1. A system for providing information to connected drivers, comprising:

a plurality of vehicles for use by a plurality of drivers;

a plurality of mobile computing devices, at least one mobile computing device from said plurality of mobile computing devices in use by each driver from said plurality of drivers;

one or more central servers in electronic communication with said mobile computing devices, said one or more central servers comprising one or more microprocessors programmed to:

identify when a vehicle from said plurality of vehicles is within a predetermined distance from a location of interest;

determine whether the location of interest has an offering that is contextually appropriate to be electronically communicated to the driver of said vehicle, where contextual appropriateness is based upon two or more of the following factors:

location of the connected driver or vehicle;

location of the location of interest;

driver preference information;

driver actions within a pre-determined period of time prior to the time of determination; and

information about the particular trip; and

communicate a contextually appropriate offering to the driver.

2. The system of claim 1, further comprising at least one geo-fence based upon the connected driver's location.

3. The system of claim 2, wherein the at least one geo-fence comprises an outer perimeter, wherein the distance of the outer perimeter from the connected driver is fixed.

4. The system of claim 2, wherein the at least one geo-fence comprises an outer perimeter, wherein the distance of the outer perimeter from the connected driver is variable.

5. The system of claim 4, wherein the distance is variable based at least in part on the direction of travel of the connected driver.

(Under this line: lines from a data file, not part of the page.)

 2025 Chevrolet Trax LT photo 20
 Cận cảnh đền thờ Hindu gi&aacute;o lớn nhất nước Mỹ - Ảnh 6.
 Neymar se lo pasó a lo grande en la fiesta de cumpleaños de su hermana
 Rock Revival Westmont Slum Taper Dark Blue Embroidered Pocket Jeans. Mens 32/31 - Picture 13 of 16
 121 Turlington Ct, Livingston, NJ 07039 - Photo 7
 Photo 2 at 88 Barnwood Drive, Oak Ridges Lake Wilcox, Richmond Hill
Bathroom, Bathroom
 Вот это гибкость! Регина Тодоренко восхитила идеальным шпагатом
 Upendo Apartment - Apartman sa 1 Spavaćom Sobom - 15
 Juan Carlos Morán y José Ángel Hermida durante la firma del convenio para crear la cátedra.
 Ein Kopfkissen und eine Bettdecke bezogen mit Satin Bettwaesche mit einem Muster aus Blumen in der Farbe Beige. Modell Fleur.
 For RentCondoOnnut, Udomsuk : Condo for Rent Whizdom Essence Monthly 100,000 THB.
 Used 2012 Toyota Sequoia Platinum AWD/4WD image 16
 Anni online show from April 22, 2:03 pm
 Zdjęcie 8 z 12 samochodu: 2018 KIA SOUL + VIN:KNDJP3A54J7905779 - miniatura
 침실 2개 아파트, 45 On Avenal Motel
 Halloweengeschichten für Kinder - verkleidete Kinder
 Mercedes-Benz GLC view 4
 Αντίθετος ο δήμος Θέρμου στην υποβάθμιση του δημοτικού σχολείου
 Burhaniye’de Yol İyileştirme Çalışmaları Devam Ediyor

6. The system of claim 1, wherein the information about the particular trip comprises at least a time for a first appointment, and the system communicates the offering to the driver if the system determines that the connected driver can travel to the location of interest and subsequently proceed to the first appointment without delaying the time for the first appointment.

7. The system of claim 1, wherein the location of interest is a business.

8. The system of claim 1, wherein driver preference information comprises membership in a business customer program.

9. The system of claim 1, wherein driver preference information comprises purchase history at a particular business.

10. The system of claim 1, wherein driver preference information comprises a history of purchases of at least one good or service.

11. The system of claim 1, wherein driver actions comprise a purchase of a good or service within a pre-determined period of time prior to the time of determination.

12. The system of claim 1, wherein said one or more microprocessors are further programmed to:

receive an indication of acceptance of the offering from the driver;

communicate electronically the acceptance of the offering to the location of interest; and

provide directions to the location of interest to the driver.

13. The system of claim 1, wherein the electronic communication of the acceptance includes details for a particular order of at least one good or service from the location of interest.

14. The system of claim 13, wherein the at least one good or service is ready for delivery to the driver at the time the driver arrives as the location of interest.

15. The system of claim 1, wherein contextual appropriateness also is based upon consumer drive-time ecommerce activity and trends according to an analytic and predictive model based in part on acceptance and purchase data from said plurality of drivers.